Dr. Ersin Erdoğan, ölüme ya da epilepsi nöbetlerine mahkum edilen hastalar için
iyi haberler verdi.
Prof. Dr. Ersin
Erdoğan, hastaları epilepsi nöbetlerinden kurtaran cerrahi yöntem ve yaşanan
çarpıklıklar hakkında şunları kaydetti:
İLACA DİRENÇLİ EPİLEPSİ ÖLÜME SEBEBİYET
VERİR
“Epilepsi için hedeflenen
tedavi; nöbetleri, yan etki olmadan, mümkün olan en kısa sürede ortadan
kaldırmaktır. Bu hedefler genellikle pek karşılanmamaktadır. ABD’de
antiepileptik ilaçlarla yeterli tedaviye rağmen nöbetleri devam eden yaklaşık 1
milyon hasta bulunmaktadır ki bunlar epilepsi hastalarının yüzde 40'ını ve
epilepsi maliyetinin yüzde 80'ini temsil etmektedir. İlaca dirençli epilepsi,
bebeklerde ve küçük çocuklarda gelişimsel gecikmeye neden olurken, büyük
çocuklarda ve yetişkinlerde ciddi sakatlık ve genel nüfusta görülme oranından 5-10
kat daha fazla ölüme sebebiyet verebilmektedir.
20 YIL GEÇTİKTEN SONRA GETİRİYORLAR
Tam teşekküllü
epilepsi tanı ve tedavi merkezlerinin nöbet kontrolünü sağladığı gösterilse de,
ilaca dayanıklı epilepsili kişilerin yüzde 1'den azı bu merkezlere sevk edilmektedir. Bu kişiler genellikle
epilepsi başlangıcından ortalama 20 yıldan fazla zaman geçtikten sonra
gelmektedirler. Bunun olası bir nedeni, tüm bu epilepsi merkezlerinin her
gelene ameliyat yaptığı yanılgısıdır.
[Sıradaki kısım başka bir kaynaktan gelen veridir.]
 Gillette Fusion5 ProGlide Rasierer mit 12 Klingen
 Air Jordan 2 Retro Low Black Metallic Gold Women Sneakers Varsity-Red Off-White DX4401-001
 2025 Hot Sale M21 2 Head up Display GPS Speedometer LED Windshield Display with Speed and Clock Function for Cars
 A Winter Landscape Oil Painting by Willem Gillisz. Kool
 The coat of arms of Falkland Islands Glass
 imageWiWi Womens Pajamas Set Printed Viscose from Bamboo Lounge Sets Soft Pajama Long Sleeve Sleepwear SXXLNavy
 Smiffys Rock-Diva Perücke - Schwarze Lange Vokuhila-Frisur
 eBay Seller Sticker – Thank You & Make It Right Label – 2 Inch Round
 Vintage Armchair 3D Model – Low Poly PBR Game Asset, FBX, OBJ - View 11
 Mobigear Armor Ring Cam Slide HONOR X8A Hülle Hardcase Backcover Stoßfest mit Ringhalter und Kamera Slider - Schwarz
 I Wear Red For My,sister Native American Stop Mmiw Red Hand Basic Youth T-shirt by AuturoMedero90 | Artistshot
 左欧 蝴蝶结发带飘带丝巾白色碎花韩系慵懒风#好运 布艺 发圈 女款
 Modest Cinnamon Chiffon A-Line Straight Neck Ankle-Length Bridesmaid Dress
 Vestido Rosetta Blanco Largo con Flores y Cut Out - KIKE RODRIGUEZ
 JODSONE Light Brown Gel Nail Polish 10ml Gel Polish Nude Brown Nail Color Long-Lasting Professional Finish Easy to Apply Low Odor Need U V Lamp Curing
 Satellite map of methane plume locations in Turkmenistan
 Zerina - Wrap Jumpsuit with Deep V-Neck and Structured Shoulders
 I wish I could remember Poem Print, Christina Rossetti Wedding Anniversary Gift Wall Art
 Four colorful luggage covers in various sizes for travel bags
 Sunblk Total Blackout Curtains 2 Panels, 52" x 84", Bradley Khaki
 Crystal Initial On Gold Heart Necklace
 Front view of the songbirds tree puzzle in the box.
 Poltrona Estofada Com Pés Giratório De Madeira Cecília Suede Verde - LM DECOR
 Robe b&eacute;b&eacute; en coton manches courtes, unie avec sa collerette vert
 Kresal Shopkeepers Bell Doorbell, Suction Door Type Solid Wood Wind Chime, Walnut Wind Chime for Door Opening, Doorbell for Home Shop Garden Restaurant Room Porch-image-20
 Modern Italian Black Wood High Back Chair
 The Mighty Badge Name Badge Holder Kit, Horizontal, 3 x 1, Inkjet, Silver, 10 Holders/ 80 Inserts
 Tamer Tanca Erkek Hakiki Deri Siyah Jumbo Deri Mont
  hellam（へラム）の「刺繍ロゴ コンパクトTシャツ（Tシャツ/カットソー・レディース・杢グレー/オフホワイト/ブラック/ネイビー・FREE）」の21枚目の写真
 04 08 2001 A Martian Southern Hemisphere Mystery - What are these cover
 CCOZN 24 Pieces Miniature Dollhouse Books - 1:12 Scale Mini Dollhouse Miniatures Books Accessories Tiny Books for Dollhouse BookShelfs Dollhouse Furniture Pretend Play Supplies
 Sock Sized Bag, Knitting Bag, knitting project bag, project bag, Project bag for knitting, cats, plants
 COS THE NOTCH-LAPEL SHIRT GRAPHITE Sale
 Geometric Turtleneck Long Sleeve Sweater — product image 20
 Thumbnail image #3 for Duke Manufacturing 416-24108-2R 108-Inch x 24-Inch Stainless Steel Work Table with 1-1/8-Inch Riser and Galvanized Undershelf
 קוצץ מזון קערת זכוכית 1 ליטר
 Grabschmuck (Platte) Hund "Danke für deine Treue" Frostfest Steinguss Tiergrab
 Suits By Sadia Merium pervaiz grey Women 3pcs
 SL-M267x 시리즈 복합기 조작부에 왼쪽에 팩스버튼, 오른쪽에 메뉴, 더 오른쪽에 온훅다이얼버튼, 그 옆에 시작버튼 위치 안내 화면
Tam teşekküllü epilepsi merkezleri;
nörologlar, klinik nörofizyologlar, beyin cerrahları, nöroradyologlar,
psikologlar, psikiyatrlar, sosyal hizmet uzmanları ve danışmanlardan
oluşmaktadır. Burada yapılan araştırmalar; bazı hastaların epilepsiye bağlı
olmayan nöbetleri olduğunu ve değişik tedavilerle tedavi edilebileceğini ya da uygun ilaç ile tedavi edilebilecek epilepsi
sendromlarının yanlış teşhis edildiğini ve yanlış ilaç veya yanlış doz ile
tedavi edilmeye çalışıldığını göstermiştir. Bu merkezlerde hastalara cerrahiye ek olarak çeşitli
alternatif tedavi yaklaşımları sunulmaktadır ve nöbet geçirmeye devam eden
hastalar için tam teşekküllü epilepsi merkezleri, deneyimli danışmanlara
sahiptir.
HASTALAR EPİLEPSİ MERKEZLERİNE
YOLLANMIYOR
Epilepsi
cerrahisi sonuçları çok iyi olmasına rağmen, epilepsi hastaları ve tedavi
uygulayan hekimler tarafından anlaşılmaz bir şekilde çok az kullanılmaktadır. Genellikle,
mükemmel cerrahi adaylar genel nörologlar tarafından sıklıkla epilepsi
merkezlerine yollanmamaktadır. Fakat ilaca dirençli epilepsili daha fazla hasta
tam teşekküllü epilepsi merkezlerine gönderilirse, epilepsi uzmanları
tarafından daha fazla cerrahi aday belirlenebilecektir. İlaca dirençli
epilepsili hastalar, ki bunlar ikili uygun antiepileptik ilaçların denemesine rağmen
başarısız olarak tanımlanan nöbetleri devam eden tüm hastalardır. Bu hastaların
tam teşekküllü epilepsi merkezine zamanında gönderilmesi gerekmektedir. Erken
sevk, geri döndürülemez psikolojik ve sosyal problemlerden, bir ömür boyu
sakatlıktan ve erken ölümden kaçınmak için en iyi imkanı sağlar.”